Design of efficient molecular organic light-emitting diodes by a high-throughput virtual screening and experimental approach

Nature Materials
Virtual screening is becoming a ground-breaking tool for molecular discovery due to the exponential growth of available computer time and constant improvement of simulation and machine learning techniques. We report an integrated organic functional material design process that incorporates theoretical insight, quantum chemistry, cheminformatics, machine learning, industrial expertise, organic synthesis, molecular characterization, device fabrication and optoelectronic testing. After exploring a search space of 1.6 million molecules and screening over 400,000 of them using time-dependent density functional theory, we identified thousands of promising novel organic light-emitting diode molecules across the visible spectrum. Our team collaboratively selected the best candidates from this set. The experimentally determined external quantum efficiencies for these synthesized candidates were as large as 22%.

  1. Discovery pipeline.
    Figure 1: Discovery pipeline.

    a, Diagram of the collaborative discovery approach: the search space decreases by over five orders of magnitude as the screening progresses. The cubes represent the size of the chemical space considered at any given stage of the process. The distinct screening stages, from left to right, involve different theoretical and computational approaches as well as experimental input and testing. b, Dependency tree for the quantum chemistry calculations employed in this study. The calculations labelled as backbone were performed for all analysed molecules, leading compounds were also characterized using the methods labelled emission, and the benchmarking calculations were used to assess predictive power.

  2. Experiment-theory calibration.
    Figure 2: Experiment–theory calibration.

    a, TD-DFT/B3LYP/6-31G(d) vertical absorption against photoluminescent emission maximum in toluene solution. Data in red represent measurements reported in the literature, while data in blue correspond to compounds synthesized in this screening work. The lines indicate a linear fit against the literature data (solid) with 95% confidence bounds (dashed). b, Experiment–theory comparison of TD-DFT/B3LYP/6-31G(d) singlet–triplet gap against experimental values, determined via the thermal activation energy method, measured in frozen toluene solution.
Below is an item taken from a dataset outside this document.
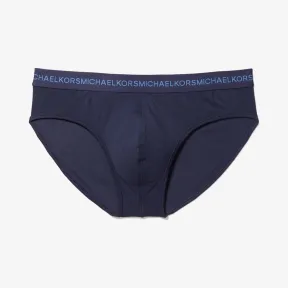 迈克高仕/Michael Kors 3 件装棉混纺三角裤 6BR1N20773-0410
The lines indicate a linear fit against the literature data (solid) with 95% confidence bounds (dashed).

  3. Effectiveness of machine learning.
    Figure 3: Effectiveness of machine learning.
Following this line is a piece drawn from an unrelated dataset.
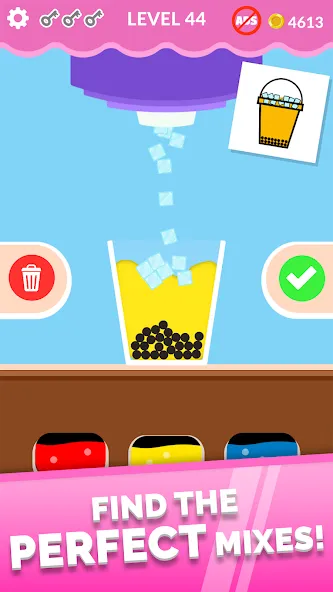 Bubble Tea! МОД/Взлом [Деньги, Монеты и Меню MOD] Screenshot 2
    a, Fraction of molecules in the test set correctly ranked in the top 5%, as a function of the amount of training data. b, Root mean square error (RMSE) in log(kTADF) as a function of the amount of training data. c, Linear model predictions against the TD-DFT-derived data with the largest training set. R2 = 0.80. d, Neural network predictions against the TD-DFT-derived data with the largest training set. R2 = 0.94.

  4. Candidate statistics and voting tool.
    Figure 4: Candidate statistics and voting tool.

    a, Number of screened molecules as a function of singlet–triplet splitting (ΔEST) and oscillator strength (f). Contour lines represent estimated kTADF (μs−1) assuming S1 at 3.0eV. b, Number of screened molecules as a function of kTADF and S1 energy. Vertical dashed line corresponds to kTADF = 1μs−1. c, ΔEST and f for decision batches A–N, colour-coded by each of the generations in the candidate library. The box-and-whisker plots represent the statistical distribution of predictions for all the candidates in each batch. The bottom and top of the bar are the first and third quartiles, and the band inside the box is the median. The lines extending vertically from the boxes indicate the maximum and minimum of the range. d, Screenshot from the interactive web tool for molecular voting.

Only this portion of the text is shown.